Dans le cadre de l'instance au fond, le syndicat des copropriétaires a appelé en intervention forcée toutes les parties présentes aux opérations d'expertise, la société AXA FRANCE IARD intervenant en outre volontairement en sa qualité d'assureur de M. [K].

D'autres copropriétaires sont également intervenus pour réclamer l'indemnisation de leurs propres préjudices de jouissance, à savoir Madame [D] [V], M. [A] [N] et les sociétés de droit suisse FLOREA TERRASSE et FLOREA DARSE.

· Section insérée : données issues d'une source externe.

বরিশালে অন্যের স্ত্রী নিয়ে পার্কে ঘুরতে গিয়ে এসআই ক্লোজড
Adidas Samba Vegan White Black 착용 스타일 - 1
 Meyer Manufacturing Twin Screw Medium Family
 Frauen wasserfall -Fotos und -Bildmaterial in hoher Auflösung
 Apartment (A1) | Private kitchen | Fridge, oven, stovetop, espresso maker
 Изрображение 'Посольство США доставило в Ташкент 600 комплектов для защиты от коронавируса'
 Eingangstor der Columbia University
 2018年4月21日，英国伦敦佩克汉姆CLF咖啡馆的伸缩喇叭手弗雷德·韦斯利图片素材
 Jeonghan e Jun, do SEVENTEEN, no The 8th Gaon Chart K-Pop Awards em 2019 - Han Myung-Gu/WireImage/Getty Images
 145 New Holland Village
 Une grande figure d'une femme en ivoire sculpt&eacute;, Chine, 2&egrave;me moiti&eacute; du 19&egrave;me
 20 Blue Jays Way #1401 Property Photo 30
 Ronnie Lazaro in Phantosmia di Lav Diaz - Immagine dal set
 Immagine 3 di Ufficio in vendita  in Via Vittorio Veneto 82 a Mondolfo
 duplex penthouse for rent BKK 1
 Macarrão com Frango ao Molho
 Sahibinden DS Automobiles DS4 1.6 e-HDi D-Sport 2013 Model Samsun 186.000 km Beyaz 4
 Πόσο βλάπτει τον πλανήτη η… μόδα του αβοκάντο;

La piscine a finalement été entièrement reconstruite dans le cadre d'un autre marché de travaux et remise en eau à compter du 14 juillet 2017, pour un coût de plus de 1.200.000 €.

Madame [S] [U] étant décédée en cours de procédure, ses héritiers MM. [I] et [C] [U] ont entendu reprendre l'instance, renonçant néanmoins à poursuivre l'annulation de la résolution votée le 23 juillet 2009, mais maintenant une demande en dommages-intérêts à l'encontre du syndicat.

Dans son jugement rendu le 13 janvier 2021, le tribunal judiciaire a considéré :

- que la piscine était affectée de graves désordres préexistants,

- que les travaux entrepris en 2009 n'avaient pas tenu compte des recommandations émises par les géologues précédemment consultés,

- que le préjudice subi par la copropriété était égal au montant des dépenses exposées en pure perte, augmenté du coût de la démolition, soit au total la somme de 250.000 euros,

- et que les responsabilités de l'ancien syndic, du maître d'oeuvre et du bureau d'études se trouvaient engagées dans des proportions équivalentes.

En conséquence, les premiers juges ont :

- mis hors de cause la société GSM et M. [G],

- rejeté la demande d'annulation du rapport d'expertise formée par M. [K] et son assureur,

- constaté que la demande d'annulation de la résolution du 23 juillet 2009 n'était plus soutenue,

- condamné le syndicat à réparer le préjudice de jouissance subi par les copropriétaires demandeurs à hauteur des sommes de 25.600 € pour les consorts [U], 24.000 € pour Madame [V] et pour chacune des sociétés FLOREA TERRASSE et FLOREA DARSE, et 4.800 € pour M. [N],

- condamné la société CITYA-TORDO, le bureau d'études ABEC ENGINEERING et M. [P] [K], chacun à concurrence du tiers, à payer au syndicat la somme de 250.000 euros à titre de dommages-intérêts, ainsi qu'à le relever et garantir des condamnations mises à sa charge,

- dit que la société AXA FRANCE était en droit d'opposer les plafonds de garantie et franchises prévus aux conditions particulières du contrat d'assurance,

- condamné la société CITYA-TORDO, le bureau d'études ABEC ENGINEERING et M. [P] [K] aux dépens dans les mêmes proportions que celles susdites,

- fait application de l'article 700 du code de procédure civile au profit des copropriétaires demandeurs et du syndicat,

- et ordonné l'exécution provisoire de sa décision.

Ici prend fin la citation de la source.